Re: [RFC Patch] Support for making an E820 PCI hole in toolstack (xl + xm)

All of lore.kernel.org
 help / color / mirror / Atom feed

From: Konrad Rzeszutek Wilk <konrad.wilk@oracle.com>
To: Ian Campbell <Ian.Campbell@citrix.com>
Cc: Jeremy Fitzhardinge <jeremy@goop.org>,
	"xen-devel@lists.xensource.com" <xen-devel@lists.xensource.com>,
	Keir Fraser <keir@xen.org>,
	Stefano Stabellini <Stefano.Stabellini@eu.citrix.com>,
	"bruce.edge@gmail.com" <bruce.edge@gmail.com>,
	Gianni@acsinet11.oracle.com, Tedesco <gianni.tedesco@citrix.com>
Subject: Re: [RFC Patch] Support for making an E820 PCI hole in toolstack (xl + xm)
Date: Tue, 16 Nov 2010 10:50:16 -0500	[thread overview]
Message-ID: <20101116155016.GA6535@dumpdata.com> (raw)
In-Reply-To: <1289899586.31507.717.camel@zakaz.uk.xensource.com>

disclaimer:
This email got a bit lengthy - so make sure you got a cup of coffee when you read this.

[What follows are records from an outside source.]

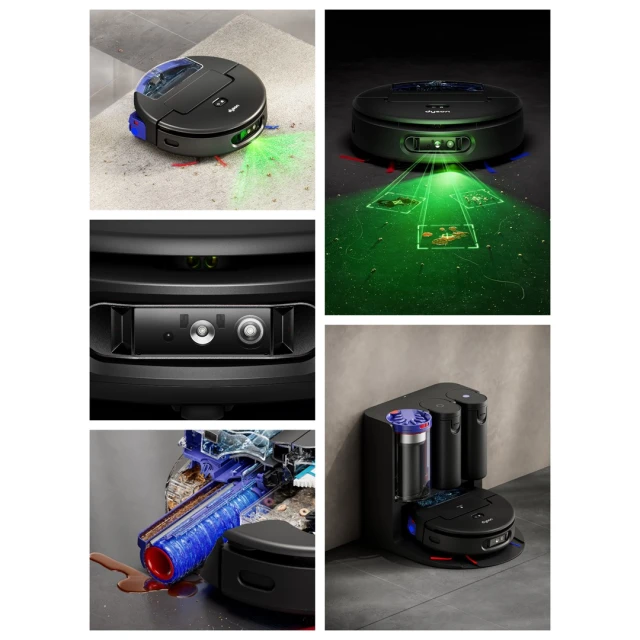 Пароочисник Dyson Spot+scrub Ai 0,25 л Black (5025155121962)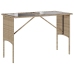 Set comedor de jardín 3 pzas con cojines ratán sintético beige
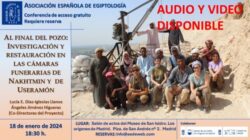 Audio y video de la conferencia de Ludía E. Díaz-Iglesias y Ángeles Jiménez Higueras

> On an unrelated note I think if we do go down the route of having the
> guest kernel punch the holes itself and such we should do so iff
> XENMEM_memory_map returns either ENOSYS or nr_entries == 1 to leave open

When would that actually happen? Is that return value returned when the
hypervisor is not implementing it (what version was that implemented this)?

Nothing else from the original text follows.